Records from a data collection:
-*-

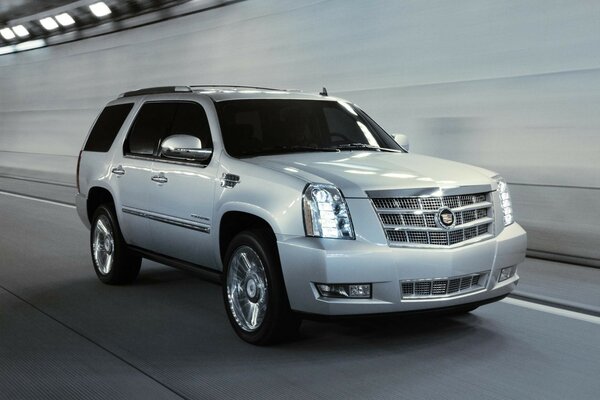 A gray Cadillac is driving at speed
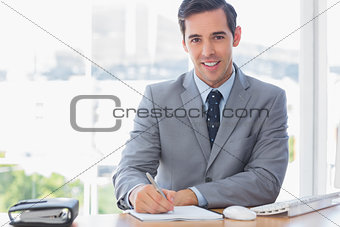 Smiling businessman writing at his desk
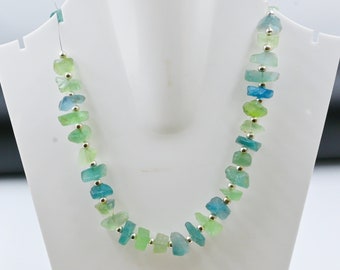 May include: A necklace made of light green, blue, and turquoise gemstone beads with silver spacers. The beads are irregular in shape and have a natural, rough texture.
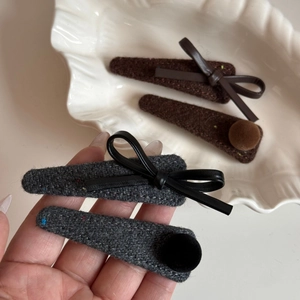 Close-up of tweed fabric hair clips with leather bows and plush balls in autumn colors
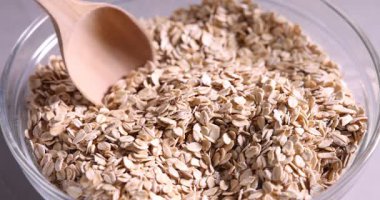 Masada kaşıkla yulaf ezmesi karıştıran kadın, yakın plan.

-*-

THE PROBLEM:
Could the entries above be copied out exactly, with no pictures included?

SOLUTION FOR THIS PROBLEM:
 A gray Cadillac is driving at speed
 Smiling businessman writing at his desk
 May include: A necklace made of light green, blue, and turquoise gemstone beads with silver spacers. The beads are irregular in shape and have a natural, rough texture.
 Close-up of tweed fabric hair clips with leather bows and plush balls in autumn colors
 Masada kaşıkla yulaf ezmesi karıştıran kadın, yakın plan.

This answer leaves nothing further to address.